Assignment 2
Submission Instructions
Please use the following instructions for submitting your assignment to your Open Learning Faculty Member.
As soon as you have completed all parts of Assignment 2, name and save your document. Send it to your Open Learning Faculty Member for marking by using theAssignments link. Be sure to include your name, the course code, assignment number, and the date of submission on the title page of your assignments, so they can be easily identified, and you can get credit for all your work. Use headers in the body of your written assignments to make sure all components of your assignments are clearly identified (course code, your surname, assignment number, date [day, month, year]).
Name your assignment file as follows: course number_your surname_assignment number_date. For example, if your name is John Smith and you are submitting Assignment 2, name your file: HIST 3991_Smith_Assignment2_14June2014.
How to submit your assignment (PDF)
Note
Keep a copy of your assignment before sending it to your Open Learning Faculty Member for evaluation so you can refer to your assignment during a telephone or email discussion with your Open Learning Faculty Member. Also, in the unlikely event that your assignment is lost, you will have an extra copy of your work. Many student writing manuals today suggest that students keep copies of all early drafts of their work as well, to protect themselves against mistaken charges of plagiarism.
As soon as you have submitted your assignment, and while waiting for your Open Learning Faculty Member to return it, begin the next module.
When your marked assignment is returned, review your Open Learning Faculty Member’s comments and queries. Take the time to carefully go over the marked assignment. If necessary, reread sections of the textbook or unit commentary that gave you trouble. What lessons can you apply to your next assignment? Phone your Open Learning Faculty Member if you have any questions or problems.
Your Open Learning Faculty Member is responsible for the grade you receive on an assignment. If you disagree with a mark, discuss it with your Open Learning Faculty Member right away. Also, the Open Learning Faculty Member alone decides whether you may or may not rewrite and assignment. You should know, however, that it is not customary to allow revisions of already graded work unless you make a formal appeal. This is why telephone contact with your Open Learning Faculty Member before assignment submission is important—particularly if you are having difficulty
Assignment Instructions
This assignment is worth 12% of your final grade. There are two parts, short and long answer questions related to your course readings.
Short Answer Questions
In four or five sentences, briefly answer five of the following questions.

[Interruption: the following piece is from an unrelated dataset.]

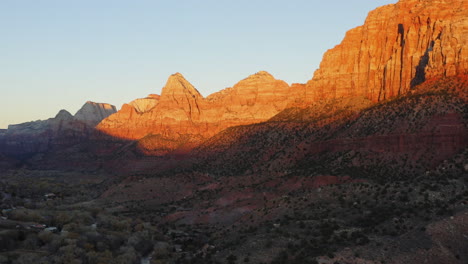 orange sunlight falling on vertical rocky canyons of springdale, zion national park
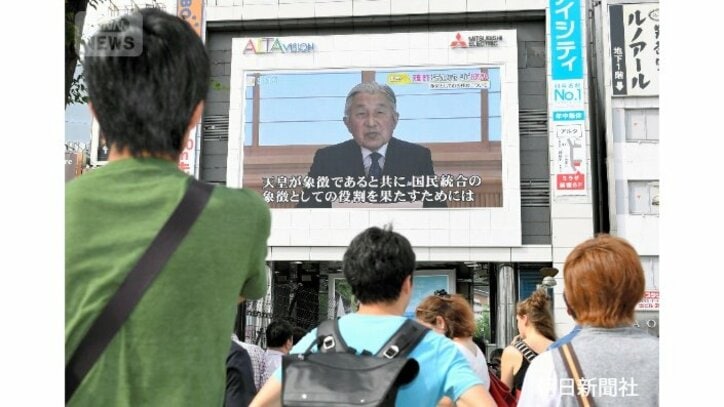 街頭の大画面で天皇陛下のお気持ちを示したビデオメッセージが流され、通りかかった人が見上げていた＝2016年8月8日、東京・新宿、朝日新聞社提供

Ten marks each.
1. From the Steinberg textbook, Reflections from a Woodlot explain what were some of the main environmental factors that impeded or facilitated resettlement.

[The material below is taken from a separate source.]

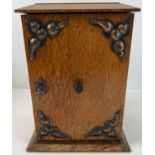An early 20th century oak smokers cabinet with Arts & Crafts style copper panels applied to door.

2. After reading Samuel de Champlain’s Voyages, how do you think his target audience e shape his writing?
3. Based on Cook’s argument, how important were ecological factors to survival in the New France colony? How do Virginia DeJohn Anderson’s findings compare to Ramsay Cook’s?
4. What is Carl Martin’s main argument regarding the impact of Europeans on the culture of the northeastern Algonquian?
5. In what ways does Charles Bishop refute or contradict Carl Martin’s thesis? How does Carl Martin respond to his critics? Do you think his ecological interpretation is sound?
6. From Steinberg’s chapters 5 and 7 and Joyce Chaplin’s article, explain how access to water shaped power relations in the U.S. South. What impact did water and agriculture have on the enslavement of African peoples in this part of North America?
7. Based upon Donald Worster’s essay and the primary sources “An Advocate Encounters the Irrigators, 1887” and “An Advocate Encounters the Irrigators, 1887”, explain how irrigation was organized in California in the late nineteenth and early twentieth century? Were there alternatives to the model chosen?
Long Answer Questions
Answer two of the following questions. 250-350 words per question. Twenty-five marks each.
1. Considering the environmental challenges of resettlement, how might an environmental history approach change the way historians think about the colonization of North America by European peoples?
2. How did the encounter with capitalism through the fur trade alter the Aboriginal relationship with fur-bearing animals?
3. How did the control over water through the use of different irrigation technologies alter social power relations in the U.S. South and West?
4. The following criteria will be used to evaluate your answers.
Criteria
Weighting
Your response adequately addresses/answers the question.
/10
Your response demonstrates critical and thoughtful reflection on the readings, videos, and other course materials. It synthesizes ideas from the course material and includes your own interpretation/response.
/10
Your response is written in clear, fluent, and technically correct prose. (Note that the writing is less formal than an essay, so you may write in the first person.)